### Activity
Restate the listing below word for word; no pictures belong in the copy.

── Record excerpts

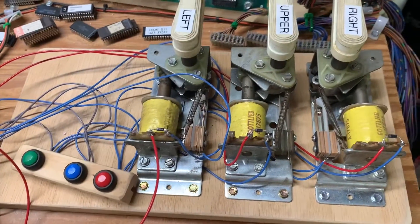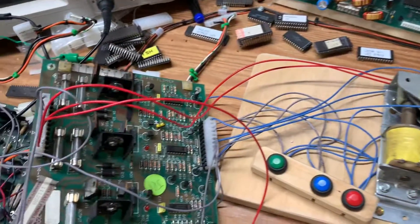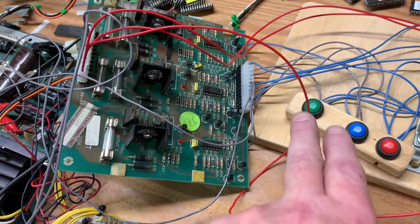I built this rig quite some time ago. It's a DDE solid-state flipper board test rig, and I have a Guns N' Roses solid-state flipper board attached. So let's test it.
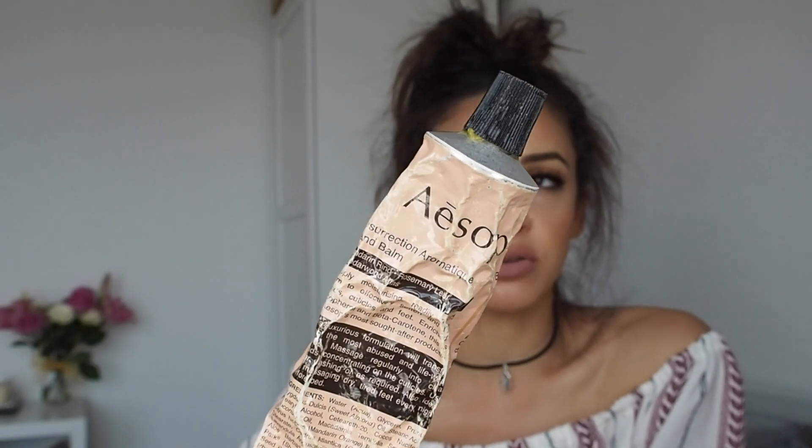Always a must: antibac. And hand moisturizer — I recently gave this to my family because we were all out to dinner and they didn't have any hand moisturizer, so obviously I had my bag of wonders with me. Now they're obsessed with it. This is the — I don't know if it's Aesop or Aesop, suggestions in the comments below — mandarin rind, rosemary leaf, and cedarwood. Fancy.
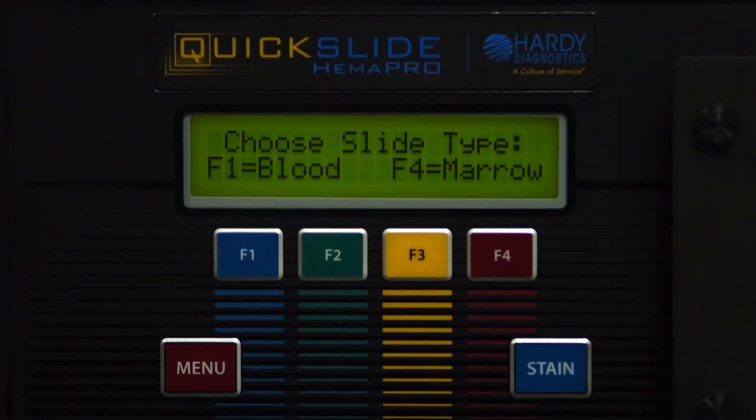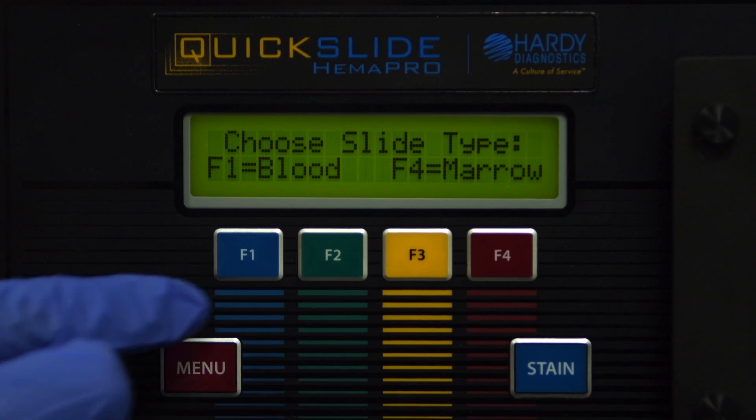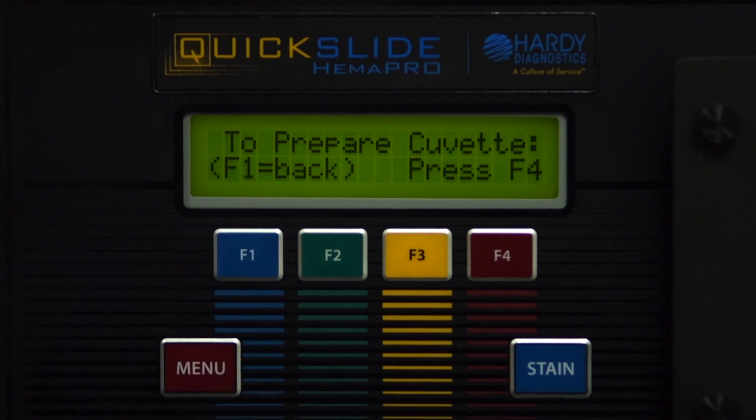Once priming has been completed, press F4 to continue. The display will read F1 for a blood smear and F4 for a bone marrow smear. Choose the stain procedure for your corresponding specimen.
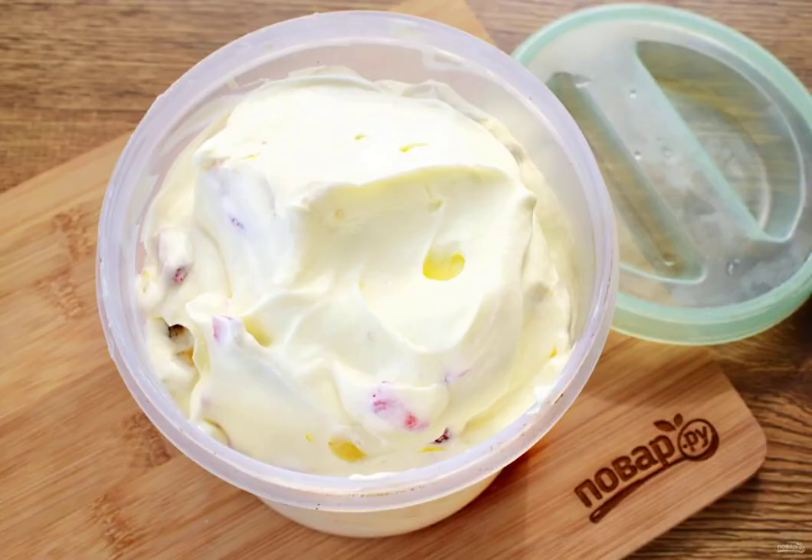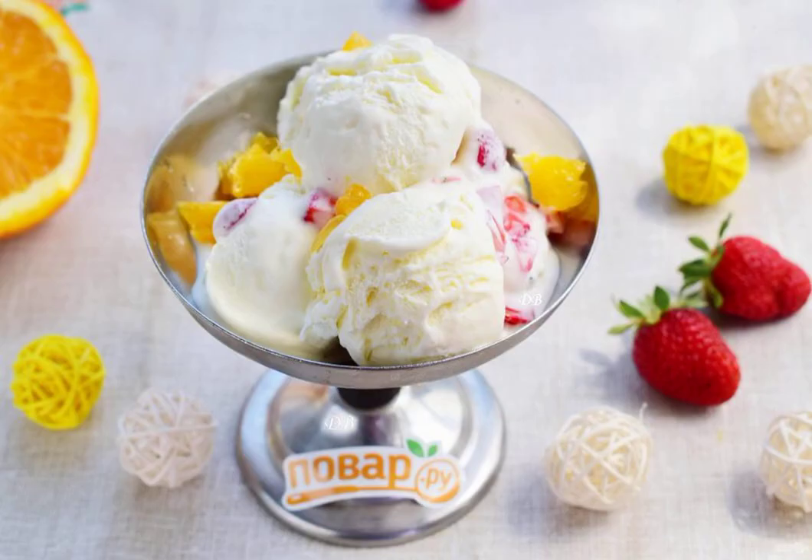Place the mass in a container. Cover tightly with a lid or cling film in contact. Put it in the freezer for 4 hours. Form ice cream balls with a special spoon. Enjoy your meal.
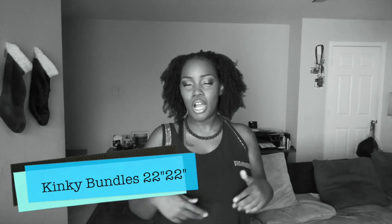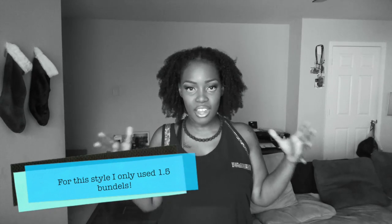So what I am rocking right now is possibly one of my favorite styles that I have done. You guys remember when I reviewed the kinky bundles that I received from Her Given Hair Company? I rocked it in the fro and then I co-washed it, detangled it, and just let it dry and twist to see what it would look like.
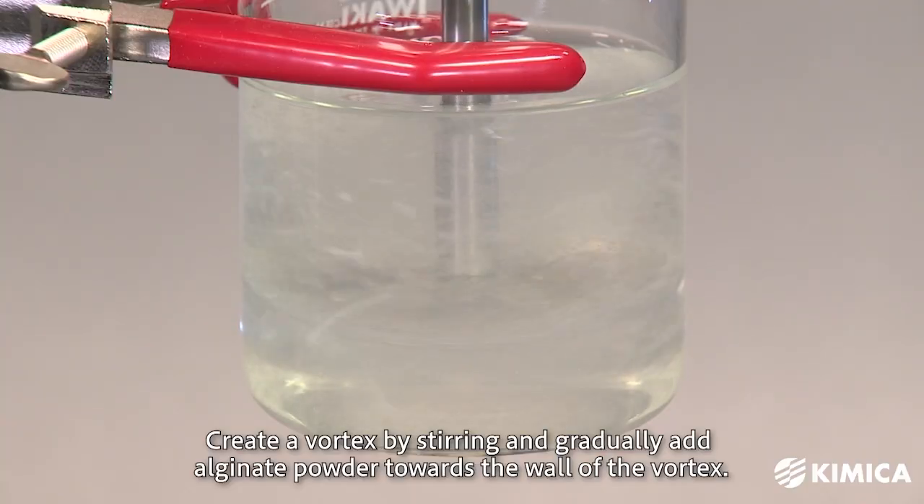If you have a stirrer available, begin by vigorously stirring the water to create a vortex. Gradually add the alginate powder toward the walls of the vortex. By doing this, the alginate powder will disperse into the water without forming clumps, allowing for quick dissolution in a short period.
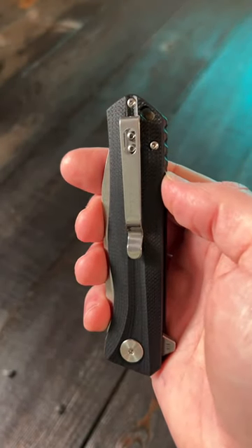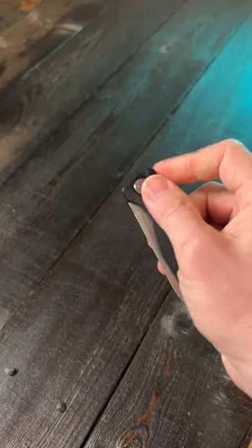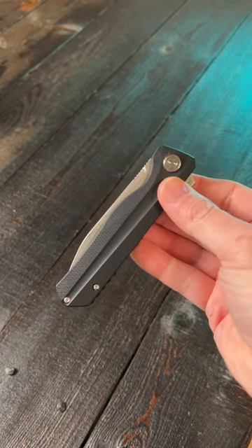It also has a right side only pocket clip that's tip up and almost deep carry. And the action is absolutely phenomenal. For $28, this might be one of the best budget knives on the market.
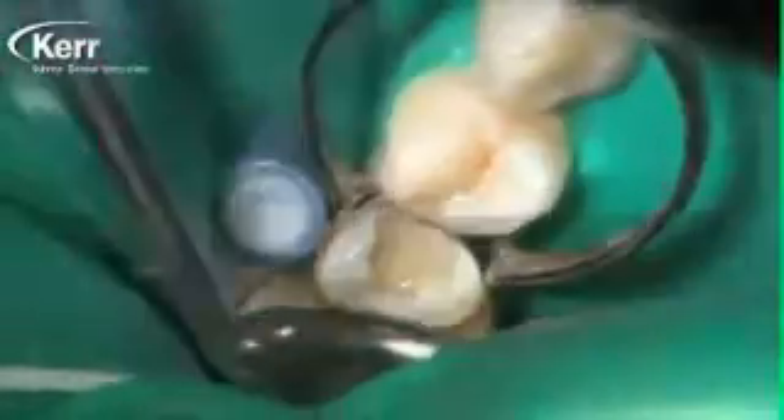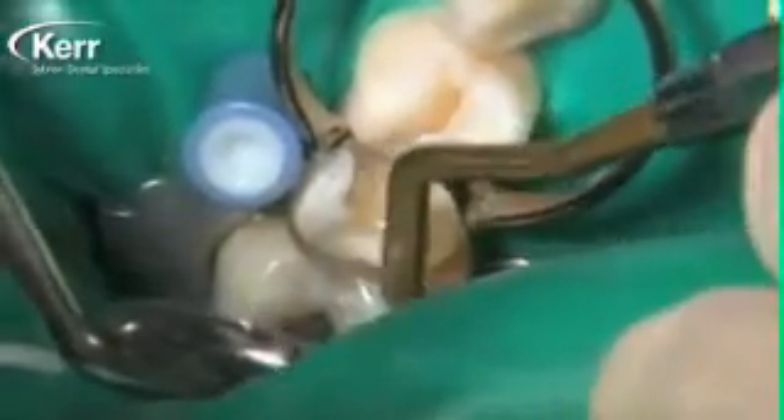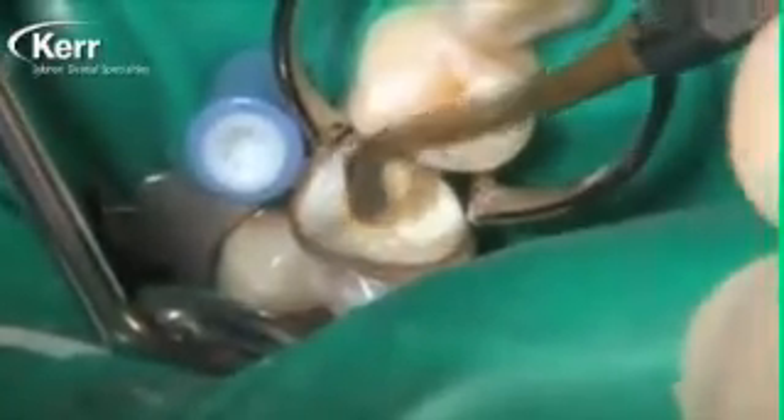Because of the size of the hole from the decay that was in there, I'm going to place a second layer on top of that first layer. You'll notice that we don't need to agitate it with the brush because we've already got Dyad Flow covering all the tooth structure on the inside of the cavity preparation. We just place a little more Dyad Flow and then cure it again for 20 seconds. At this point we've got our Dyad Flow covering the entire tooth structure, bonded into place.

────

### Answer to the problem
I built this rig quite some time ago. It's a DDE solid-state flipper board test rig, and I have a Guns N' Roses solid-state flipper board attached. So let's test it.
Always a must: antibac. And hand moisturizer — I recently gave this to my family because we were all out to dinner and they didn't have any hand moisturizer, so obviously I had my bag of wonders with me. Now they're obsessed with it. This is the — I don't know if it's Aesop or Aesop, suggestions in the comments below — mandarin rind, rosemary leaf, and cedarwood. Fancy.
Once priming has been completed, press F4 to continue. The display will read F1 for a blood smear and F4 for a bone marrow smear. Choose the stain procedure for your corresponding specimen.
Place the mass in a container. Cover tightly with a lid or cling film in contact. Put it in the freezer for 4 hours. Form ice cream balls with a special spoon. Enjoy your meal.
So what I am rocking right now is possibly one of my favorite styles that I have done. You guys remember when I reviewed the kinky bundles that I received from Her Given Hair Company? I rocked it in the fro and then I co-washed it, detangled it, and just let it dry and twist to see what it would look like.
If you have a stirrer available, begin by vigorously stirring the water to create a vortex. Gradually add the alginate powder toward the walls of the vortex. By doing this, the alginate powder will disperse into the water without forming clumps, allowing for quick dissolution in a short period.
It also has a right side only pocket clip that's tip up and almost deep carry. And the action is absolutely phenomenal. For $28, this might be one of the best budget knives on the market.
Because of the size of the hole from the decay that was in there, I'm going to place a second layer on top of that first layer. You'll notice that we don't need to agitate it with the brush because we've already got Dyad Flow covering all the tooth structure on the inside of the cavity preparation. We just place a little more Dyad Flow and then cure it again for 20 seconds. At this point we've got our Dyad Flow covering the entire tooth structure, bonded into place.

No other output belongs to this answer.